For the Alcovy Tigers, there was more at stake during this past Tuesday’s Newton Cup action than simply trying to repeat as champion.
As far as that goes, Alcovy came up short, as the Eastside Eagles edged them in the round robin style meet’s finale match. But Tigers’ coach William Wells saw his team display an act of kindness on one of its seniors that showed that it was about more than just wins and losses for them.
During Alcovy’s senior night festivities which took place during an intermission Tuesday night, the team called for senior Vance Lewis to come to the center of the mat.
Lewis was in street clothes, while the rest of his team was donning their wrestling uniforms. He was sporting a black sling across his left arm and shoulder, unable to compete due to a torn labrum. But it was clear that the Tigers wanted to make sure Lewis knew he was still just as valuable to the team in injury as when on the mat in competition.
So they presented him with a black and gold coach’s jacket. And Wells said it was a fitting gesture for the kind of impact Lewis has had on Alcovy wrestling.
“Vance was our lead captain, and kind of like the glue who held these boys together,” Wells said. “He’s kind of the one who pushes the pace for the boys. He trains hard in the offseason. He’s a highly motivated individual. The boys cling to him, so when we lost him, it was a big blow to the morale of the team.”

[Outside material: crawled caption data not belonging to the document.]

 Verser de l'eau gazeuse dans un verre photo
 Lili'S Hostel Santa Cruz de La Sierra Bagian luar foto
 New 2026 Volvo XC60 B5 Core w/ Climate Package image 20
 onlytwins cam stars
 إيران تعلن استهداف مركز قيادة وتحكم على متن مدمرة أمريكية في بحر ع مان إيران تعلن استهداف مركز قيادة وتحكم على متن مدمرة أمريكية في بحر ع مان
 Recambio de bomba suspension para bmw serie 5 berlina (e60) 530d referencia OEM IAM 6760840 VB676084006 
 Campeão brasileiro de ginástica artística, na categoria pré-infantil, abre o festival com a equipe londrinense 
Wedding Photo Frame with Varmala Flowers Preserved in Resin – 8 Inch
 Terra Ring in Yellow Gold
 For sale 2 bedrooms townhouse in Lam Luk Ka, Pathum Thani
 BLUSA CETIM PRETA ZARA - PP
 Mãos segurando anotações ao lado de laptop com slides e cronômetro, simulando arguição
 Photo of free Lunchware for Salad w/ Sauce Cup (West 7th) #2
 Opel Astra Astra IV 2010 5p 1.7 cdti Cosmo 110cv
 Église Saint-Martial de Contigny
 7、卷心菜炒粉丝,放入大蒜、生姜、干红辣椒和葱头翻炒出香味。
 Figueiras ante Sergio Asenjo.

Lewis said he first experienced the injury last year when he was hurt by “an illegal slam.”
“And that just kind of set it in motion,” he said. “I went through rehab and stuff, and then I ended up dislocating my shoulder again. I didn’t think it was a huge deal, but then last month, in November, it popped out again. I went to Georgia Orthopedics and they said the labrum was torn.”
It wasn’t just a blow to the team. The re-aggravated injury also applied a stiff body blow to his dreams of wrestling in college. Lewis went 43-9 as a junior, despite his injuries, and was close to being a state placer. Needlessly to say, hopes were high for his senior campaign.
“Last year I was looking at placing, and after the schools went through re-classification and some guys moved up to 7A, I felt it was a good chance for me to win the whole thing,” Lewis said.
His November set back ended those hopes, but not his passion for seeing Alcovy wrestling succeed.
“One of the things that has stuck with me is that my team comes before myself,” Lewis said. “And if it came down to choosing between me or my team, it’s always gonna be my team. Even though it breaks my heart because I wanna do it so bad and be there so bad, there’s nothing I wouldn’t do for any of those guys.”
That’s why the accolades given to him from his teammates mean so much – not just to Lewis, but also to his coach, who insists the presentation of the coach’s jacket was not just an empty gesture.
“Vance has stepped in as a leader to them in a different way,” Wells said. “Almost as a coach. I’m happy for him, but I know it’s hard for him emotionally because being out here on the mat is something he wants to be a part of.”
But Lewis knows he’s still very much apart, even if it’s not in the way he originally planned.
He keeps himself busy by working the scorer’s table at matches, helping the team managers with their tasks or even trying to tutor the freshmen and sophomore up-and-comers. That’s because Lewis said he’s learned that wrestling is so much bigger to him than state placement and championships or even college scholarships.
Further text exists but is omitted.